The CEO Poll: Fuel for thought

Canadian business leaders on the cost of rising oil prices.

High oil prices are troubling and may rise further, but they will not reach the heights forecast by some doomsayers, according to a web poll of 133 Canadian CEOs and other business leaders conducted by COMPAS Inc.

Most executives predict the price of oil will increase to about US$113 per barrel over the next two years — a far cry from the US$150 predicted by some analysts. (When business leaders were asked the same question last July, they predicted oil prices would rise to just US$79 per barrel.)

More executives are worried about the negative impact those high oil prices will have on industry, the economy and consumers, the poll revealed. Ultimately, it will be industry that will bear the brunt of the higher energy costs, according to the survey. “Oil companies [are paying] huge taxes,” wrote one respondent. “Governments have had as much benefit from that as the oil companies and, indirectly, so have taxpayers through more and better programs.”

The business leaders want government to cut taxes on fuel-efficient vehicles and increase subsidies to local transit systems.
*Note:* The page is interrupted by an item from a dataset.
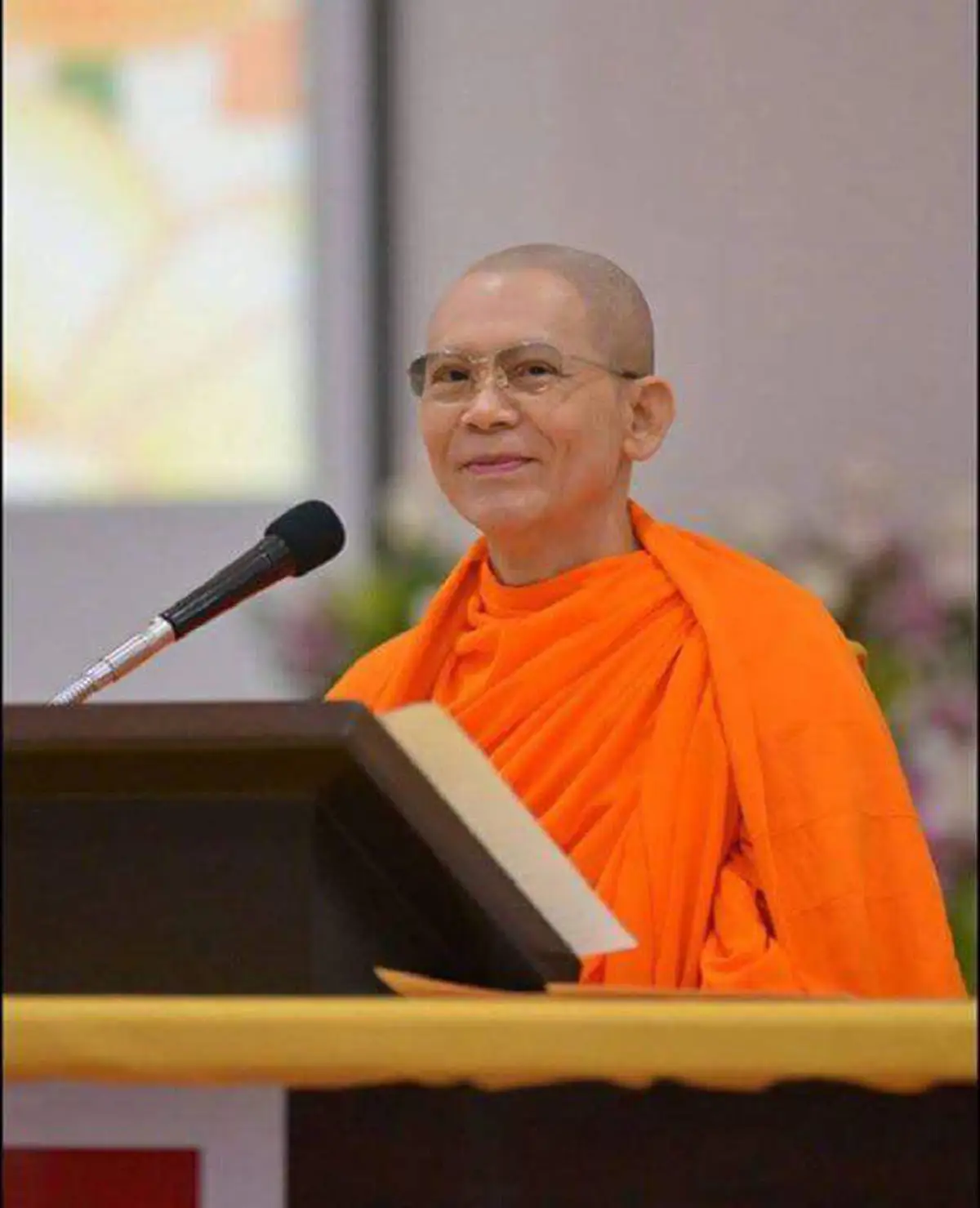 มีบุญเหลือเกิน สิ่งศักดิ์สิทธิ์ส่งมาเกิด ?!! รำลึก ๒๒ เม.ย. เปิดวาร์ป "ธัมมชโยแห่งพระธรรมกาย" กับนิมิตอัศจรรย์ของโยมแม่ตอนตั้งท้อง !!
Increasing transit funding saw the largest bump in support with almost 64% of the respondents urging government to give more. That compares to just 41% who supported that option in May 2004. “Hardly any city in Canada has an efficacious public transit system [compared to] London or New York where…white collar workers walk and/or use public transit,” one respondent noted.

Respondents mostly rejected options such as cutting gas taxes or “doing nothing” and hoping the problem will go away. And while some worry government interference will ultimately make Canadians less energy efficient, others recommend that Ottawa step in. Wrote one: “The government can have a real impact by supporting those companies developing new technology used for building renewable energy sources.”